Work instruction:
In the entries that follow, the lines from the line containing "A Gardon gauge, or" up to and including the line containing "Milling has never" must be copied exactly, with pictures omitted.

The data:
>>>>>

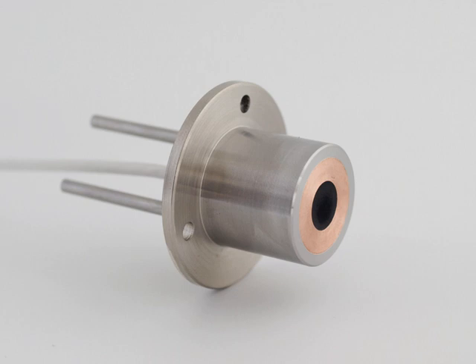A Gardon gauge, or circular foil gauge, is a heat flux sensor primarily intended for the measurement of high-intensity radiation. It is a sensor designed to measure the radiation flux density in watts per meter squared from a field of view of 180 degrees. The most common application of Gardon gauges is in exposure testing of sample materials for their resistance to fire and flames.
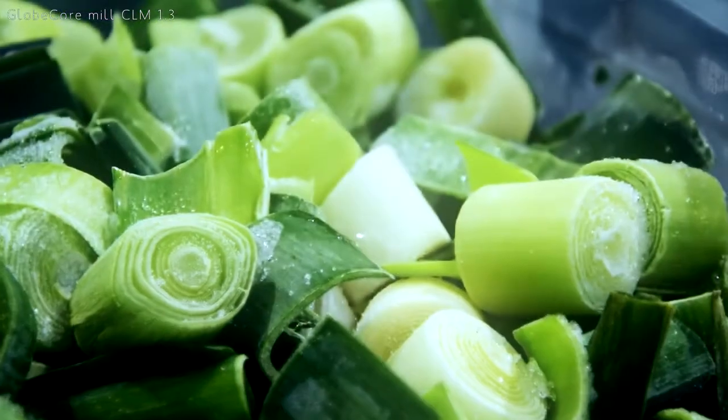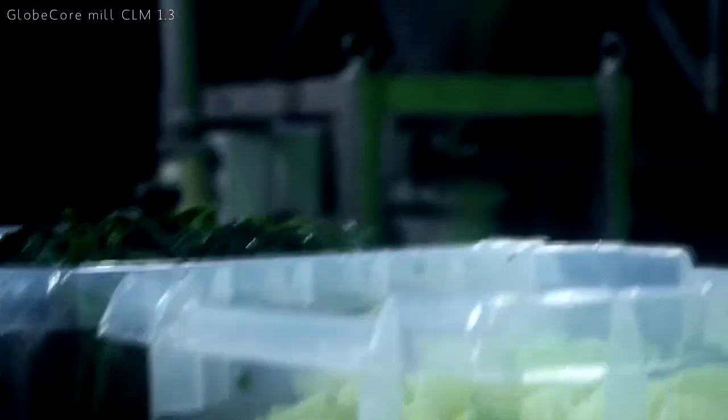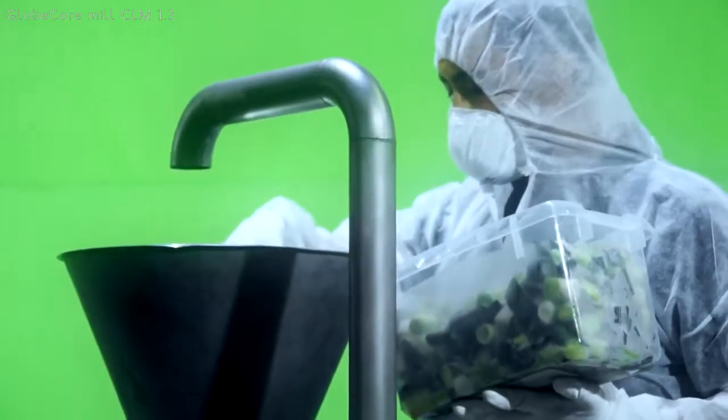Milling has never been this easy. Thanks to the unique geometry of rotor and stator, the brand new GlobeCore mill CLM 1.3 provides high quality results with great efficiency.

<<<<<
>>>>>

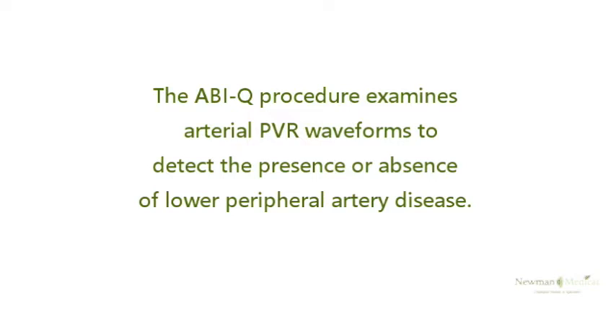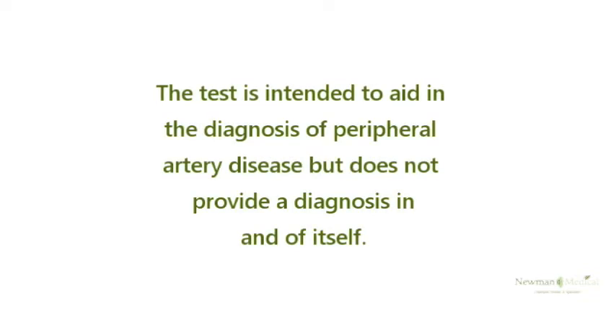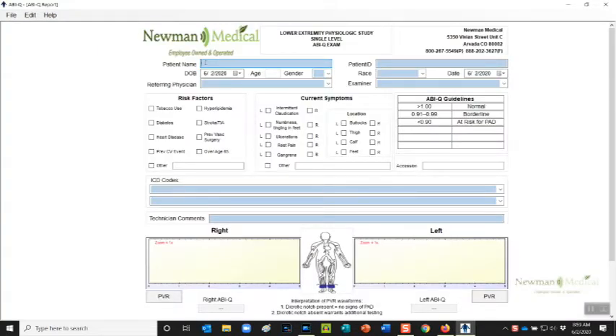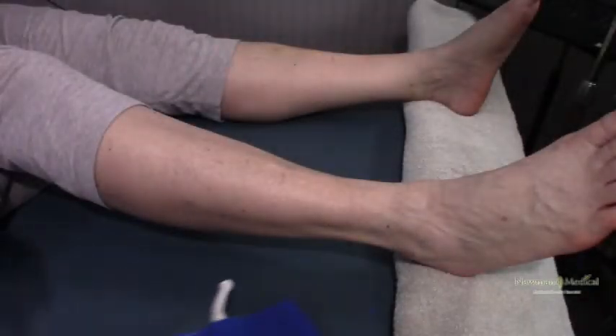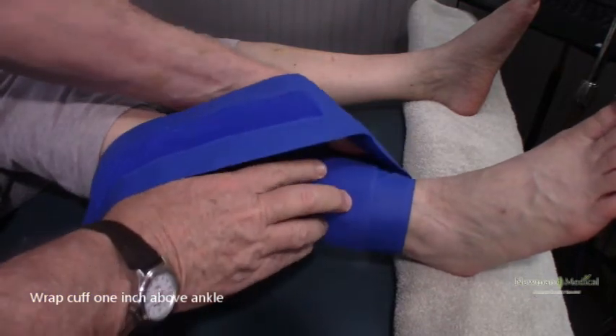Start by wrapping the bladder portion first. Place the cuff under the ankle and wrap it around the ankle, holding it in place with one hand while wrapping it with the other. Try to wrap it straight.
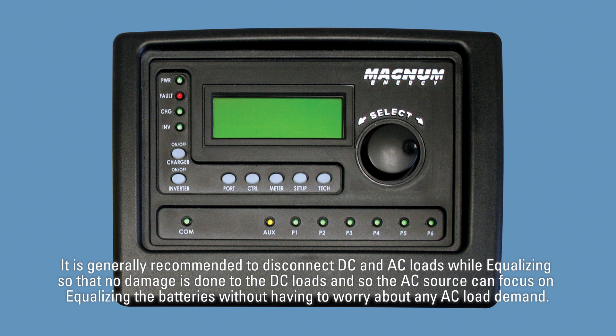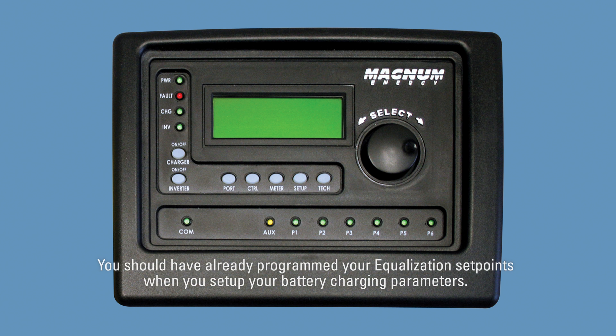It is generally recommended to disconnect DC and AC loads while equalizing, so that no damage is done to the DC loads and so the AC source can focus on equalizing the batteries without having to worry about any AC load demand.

<<<<<

Answer section:
A Gardon gauge, or circular foil gauge, is a heat flux sensor primarily intended for the measurement of high-intensity radiation. It is a sensor designed to measure the radiation flux density in watts per meter squared from a field of view of 180 degrees. The most common application of Gardon gauges is in exposure testing of sample materials for their resistance to fire and flames.
Milling has never been this easy. Thanks to the unique geometry of rotor and stator, the brand new GlobeCore mill CLM 1.3 provides high quality results with great efficiency.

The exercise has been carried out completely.